◆ EXERCISE INSTRUCTIONS ◆
For the material that follows, return exactly the lines from the one with "My Favorite Makeup Products of 2018" through the one with "Baki – Son Of Ogre Chapter 11 trang 14", both ends included.

◆ RECORDS FOR THIS EXERCISE ◆
********************

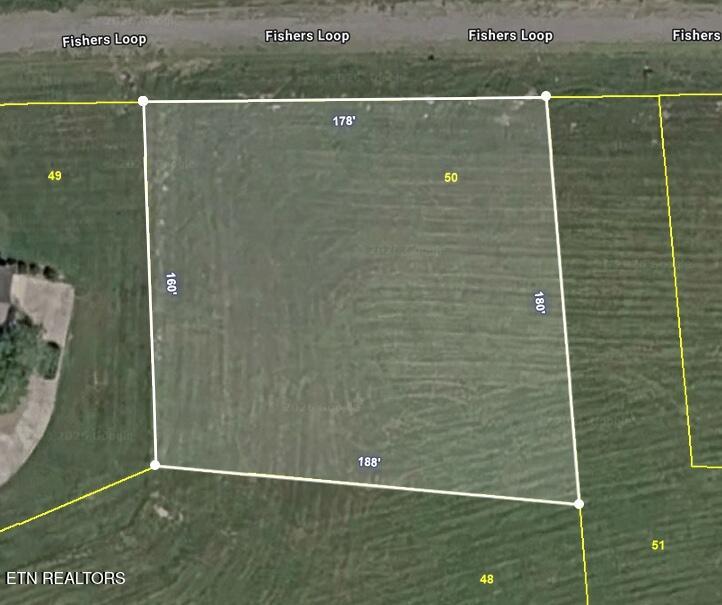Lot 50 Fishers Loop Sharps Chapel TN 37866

********************

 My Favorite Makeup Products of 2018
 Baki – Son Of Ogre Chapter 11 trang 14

********************

◆ RESPONSE TO THIS EXERCISE ◆
 My Favorite Makeup Products of 2018
 Baki – Son Of Ogre Chapter 11 trang 14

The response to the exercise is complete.